Ettarde cannot understand her new feelings, declaring "Ah, Lord Jesu, how is it befallen unto me that I love now [him who] I have hated most of any man alive?" Nynyve's reply is curt and chilling: "That is the righteous judgment of God," she says. Thereupon Pelleas bids the "traitoress" never to come in his sight again, and "near out of her mind" with sorrow she goes away—where she does in fact die of sorrow, while Pelleas enjoys a long life of unnatural safety under the magical protection of his new lover Nynyve.

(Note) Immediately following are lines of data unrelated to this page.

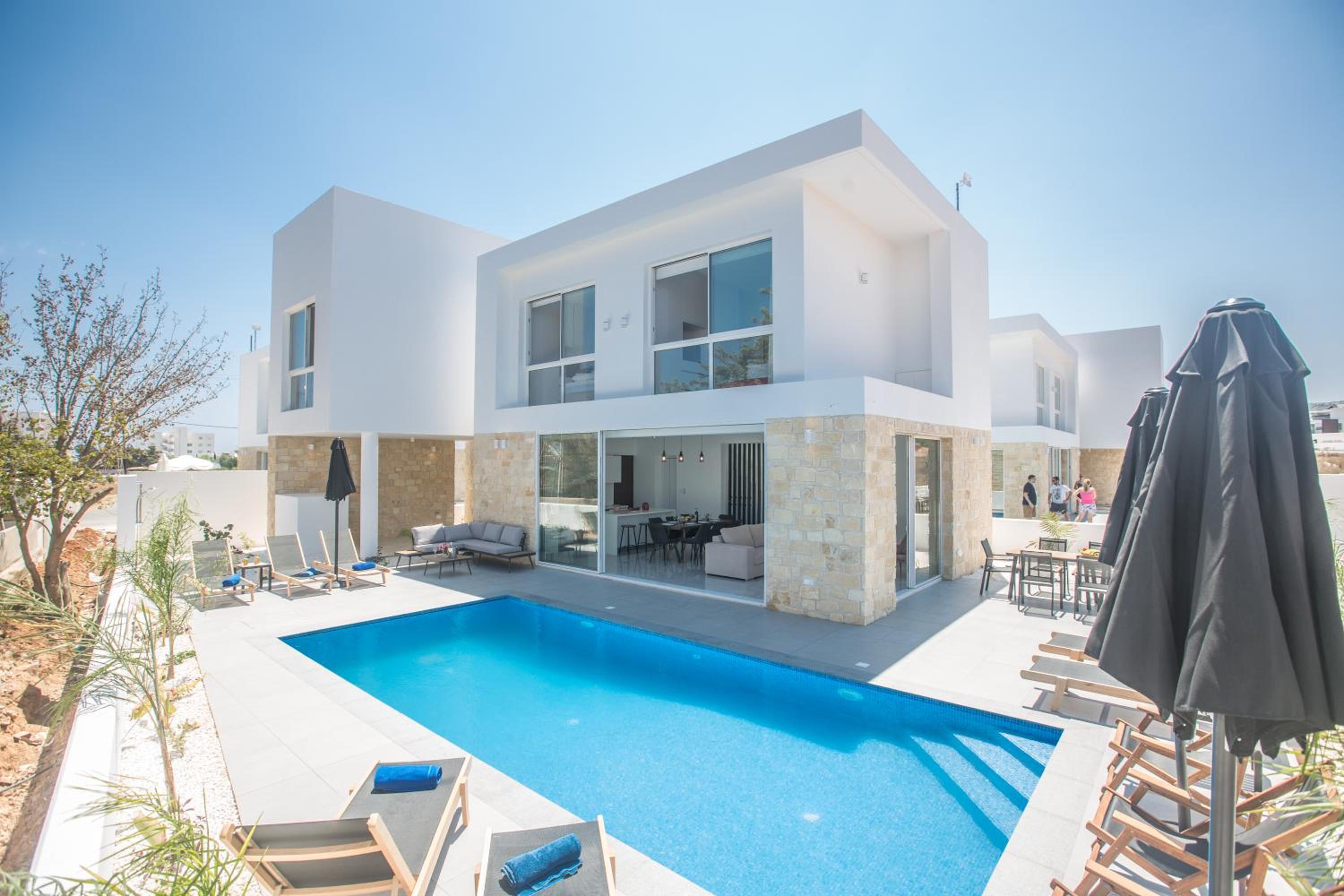 Villa with Private Pool photo 1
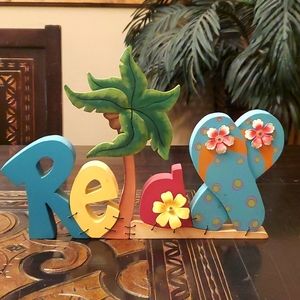"RELAX" Wooded sign in ⛱️ beachy theme.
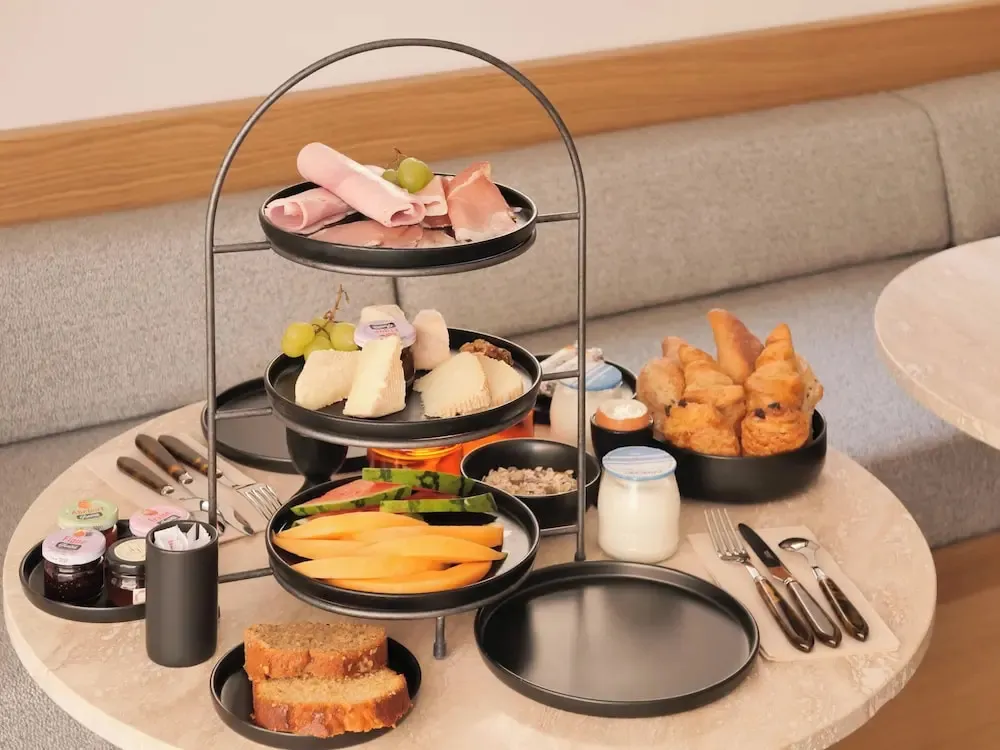 Un plateau de petit-déjeuner est présenté sur une table ronde.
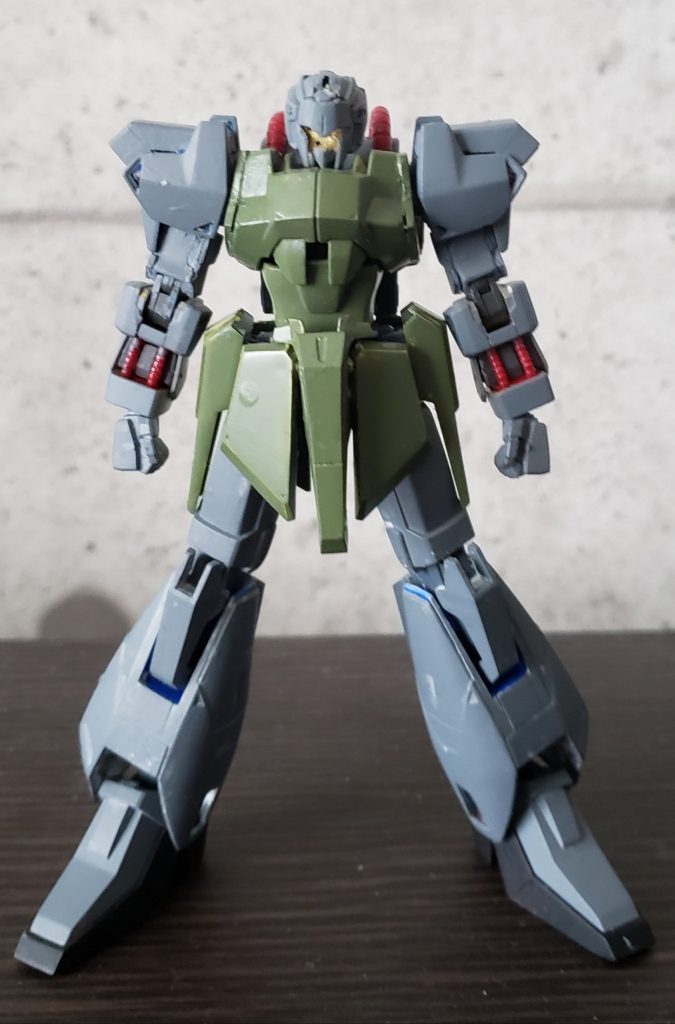 目元(マスク部)を削りモノアイを収める説得力を作るもモノアイを作り込むことはせず。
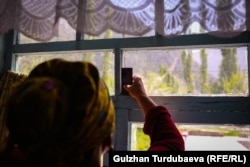 Айылда уюлдук байланыш Нурайым Кожоналиеванын үйүнүн ушул терезесинен гана тартат. Телефон ордунан кичине эле жылып кетсе байланыш тартпай калат.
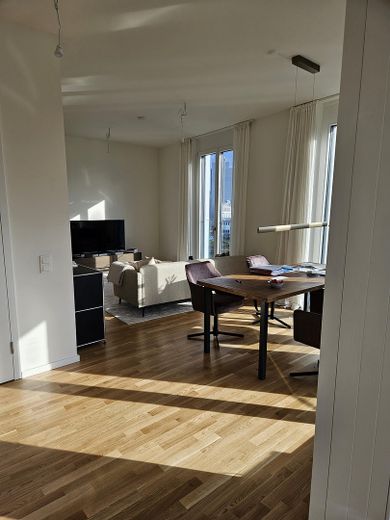 4 Zimmer Wohnung mit direktem Spreeblick und Weitblick über die Stadt – Essplatz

So: this little episode, just a few pages long, shows Gawain in rather an ugly light early in his knightly career—but I don't find Nynyve's behavior very becoming, either. Throughout, Ettarde is played upon by others more canny or powerful than herself. And while she may indeed be haughty in her refusal of Pelleas, and downright cruel in directing her knights to beat him and humiliate him, no less an authority than Lancelot will declare (over the corpse of the Fair Maid of Ascolat) that "love must only arise of the heart's self, and not by none constraint"—a view endorsed at once by King Arthur himself, who agrees that "That is truth, ... and with many knights love is free in himself and never will be bound; for where he is bound he looseth himself." Ettarde is artificially driven insane with love for a man she never cared for in the first place, is judged and found wanting for failing to grant his petition. Her own desires are overlooked or discounted by everyone else. And in sympathy with Ettarde, I have tried to draw her at the distraught moment where she realizes with horrified disbelief that she now loves unto death a man whom she despised when in her right mind and who now hates her utterly, utterly.

Monday, June 11, 2012

Arthurian Alphabooks: D is for Dinadan

If you're not careful, reading medieval Arthuriana can seem like an exercise in obsolete classist parochialism: just look how the upper classes of the age flatter themselves with their beauty, strength, wealth, and accomplishments! Look how they assume the rightness of their many privileges! Look how they attend only to their own affairs, with scarcely a thought for the many toilers who have made their comfortable lives possible! And then, if you're not careful, you start to sound like Dennis from Monty Python and the Holy Grail:

Thank goodness, then, that there are medieval Arthurian texts that dare to question at least some of the assumptions that undergird the ethos of their own elite audiences. And one of the characters who voices some of the most sensible objections to the knightly ethos is the plainspoken and witty Sir Dinadan, created in the French Prose Tristan cycle but best known nowadays from Malory's Morte Darthur. Here's my attempt to capture what I imagine to be one of his typical expressions:
I say "attempt" because I am not altogether satisfied with the result. The expression I was aiming for was a kind of affronted disbelief. The occasion for the expression is no doubt yet another instance where one of Dinadan's more traditionally heroic companions has insisted on the correct knightly protocol of engaging in some sort of combat that Dinadan considers pointless or extravagant.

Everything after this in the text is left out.